Begitu juga dengan masa remaja mempunyai tugas perkembangan yang tidak dapat
terlewatkan. Semua tugas perkembangan pada masa remaja dipusatkan pada penanggulangan
sikap dan perilaku yang kekanak-kanakan dan mengadakan persiapan untuk
menghadapi masa dewasa, tugas perkembangan pada masa dewasa menuntut perubahan
besar dalam sikap dan pola perilaku anak, akibatnya, hanya sedikit anak
lak-laki yang mampu dan hanya anak perempuanlah yang dapat diharapkan untuk
menguasai tugas-tugas tersebut selama awal masa remaja, apa lagi mereka yang
matangnya terlambat.
Masa
remaja adalah sebagai masa yang mempunyai minat dan keinginan yang sanagt
tinggi terhdap sesuatu. Baik minat akan pakain, kendaraan, akan perhatian, dan
lain sebagainya. Apabila minat dan keinginan tersebut tidak terpenuhi, maka
akan terjadi perlawanan dari dirirnya sebagai bentuk pelampiasan dari tidak
terpenuhi minat dan keinginan tersebut.
C.
Perkembangan Sosial Remaja
Perkembangan sosial pada masa
remaja merupakan puncak dari perkembangan sosial dari fase-fase perkembangan.
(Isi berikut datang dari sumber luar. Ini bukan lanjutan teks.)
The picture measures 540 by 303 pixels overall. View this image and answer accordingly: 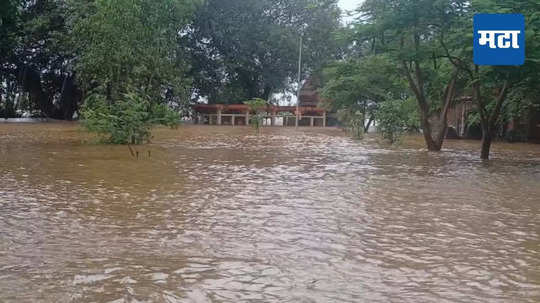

Bahkan, terkadang, perkembangan sosial remaja lebih mementingkan kehidupan
sosialnya di luar dari pada ikatan sosialnya dalam keluarga. Perkembangan
sosial remaja pada fase ini merupakan titik balik pusat perhatian. Lingkungan
sosialnya sebagai perhatian utama.
Suatu penelitian longitudinal yang dilakukan oleh
Bronson, menyimpulkan adanya tiga pola orientasi sosial remaja, yaitu: (http://www.psychologymania.com).
1. Withdrawal
vs. Expansive
Anak yang tergolong withdrawal adalah
anak yang mempunyai kecenderungan menarik diri dalam kehidupan sosial, sehingga
dia lebih senang hidup menyendiri. Sebaliknya anak expansive suka
menjelajah, mudah ergaul dengan orang lain sehingga pergaulannya luas.
2. Reaxtive vs aplacidity
Anak yang reactive pada umumnya memiliki
kepekaan sosial yang tinggi sehingg mereka banyak kegiatan, sedangkan anak
yang aplacidity mempunyai sifat acuh tak acuh bahkan tak
peduli terhadap kegiatan sosial. Akibatnya mereka terisolir dalam pergaulan
sosial.
3. Passivity
vs Dominant
Anak yang berorientasi passivity sebenarnya
banyak mengikuti kegiatan sosial namun mereka cukup puas sebagai anggota
kelompok saja, sebaliknya anak yang dominant mempunyai
kecenderungan menguasai dan mempengaruhi teman-temannya sehingga memiliki
motivasi yang tinggi untuk menjadi pemimpin.
D.
Faktor
Penyebab Terjadinya Tauran Antar Pelajar Sekolah
Menurut Wilnes dalam bukunya Punishment and Reformation
sebab-sebab perilaku menyimpang dibagi menjadi dua, yaitu faktor subjektif dan
objektif. Faktor subjektif adalah faktor yang berasal dari
seseorang itu sendiri (sifat pembawaan yang dibawa sejak lahir). Sedangkan
faktor objektif adalah faktor yang berasal dari
luar (lingkungan). Misalnya
keadaan rumah tangga, seperti hubungan antara orang tua dan anak yang tidak serasi (Risfaisal http://sosbud.kompasiana.com).
Meneurut Sander
Diki Zulkarnaen dalam Mulyana (2011) dalam pandangan psikologi, setiap
perilaku merupakan interaksi antara kecenderungan di dalam diri individu
(sering disebut kepribadian, walau tidak selalu tepat) dan kondisi eksternal.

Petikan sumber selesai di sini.